Cette région, qui possède une identité linguistique et culturelle forte, a longtemps porté des revendications autonomistes ou démocratiques. Le mouvement MAK, classé terroriste depuis 2021 par Alger, symbolise cette contestation, même si ses activités sont désormais principalement basées à l’étranger.
La sensibilité politique autour de ces revendications explique en partie pourquoi les autorités observent avec vigilance toute prise de contact avec ses membres ou sympathisants. Dans ce contexte, le travail journalistique se heurte à un terrain où les frontières entre sources, acteurs politiques et individus recherchés deviennent difficiles à tracer.
Un dossier qui met à l’épreuve les relations franco-algériennes
L’arrestation puis la condamnation de Christophe Gleizes interviennent dans une période où Paris et Alger tentent de stabiliser une relation souvent marquée par la méfiance.

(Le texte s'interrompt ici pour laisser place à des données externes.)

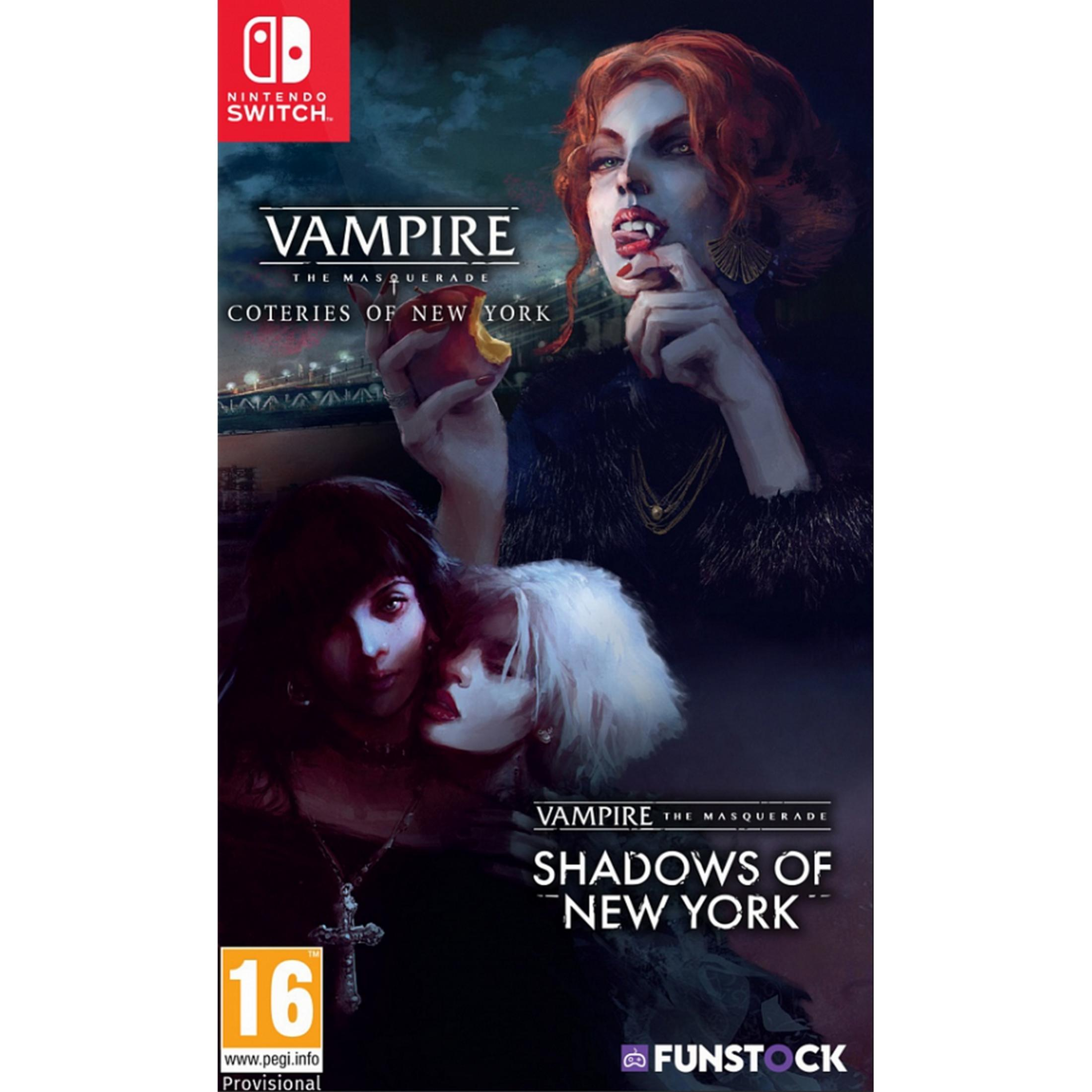 Copertina dei giochi Nintendo Switch: Vampire the Masquerade Coteries of New York e Shadows of New York.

La France assure suivre la situation « avec attention » tout en évitant toute ingérence directe dans une procédure judiciaire étrangère.
De son côté, le monde du journalisme exprime une profonde inquiétude. Reporter sans Frontières et plusieurs rédactions françaises estiment que cette affaire crée un précédent dangereux et qu’elle pourrait dissuader d’autres reporters de se rendre en Algérie pour y documenter des sujets sensibles.
Quel avenir pour le journaliste détenu ?
Avec la confirmation de la peine en appel, les perspectives de court terme semblent limitées. Des voies de recours existent encore, notamment devant la Cour suprême algérienne, mais les délais judiciaires peuvent être longs.
La question d’une éventuelle médiation diplomatique restera probablement en suspens tant que les autorités algériennes maintiendront que le dossier relève exclusivement du droit interne.
Les soutiens de Christophe Gleizes espèrent néanmoins que les prochaines étapes permettront un réexamen plus large du dossier, intégré dans une réflexion sur la place du journalisme dans des environnements politiques sensibles.
Un cas emblématique des difficultés rencontrées par les journalistes en zones de tension
Au-delà du cas individuel, l’arrestation de Christophe Gleizes illustre les défis auxquels sont confrontés les reporters travaillant sur des sujets politiques ou identitaires dans certains pays.
Entre exigences sécuritaires, divergences d’interprétation du rôle de la presse et législations antiterroristes jugées parfois trop extensives, l’exercice du métier peut rapidement devenir risqué.
L’affaire vient rappeler qu’en 2025, exercer la profession de journaliste dans des régions politiquement chargées nécessite non seulement des compétences journalistiques, mais aussi une compréhension fine des cadres juridiques locaux et des risques associés.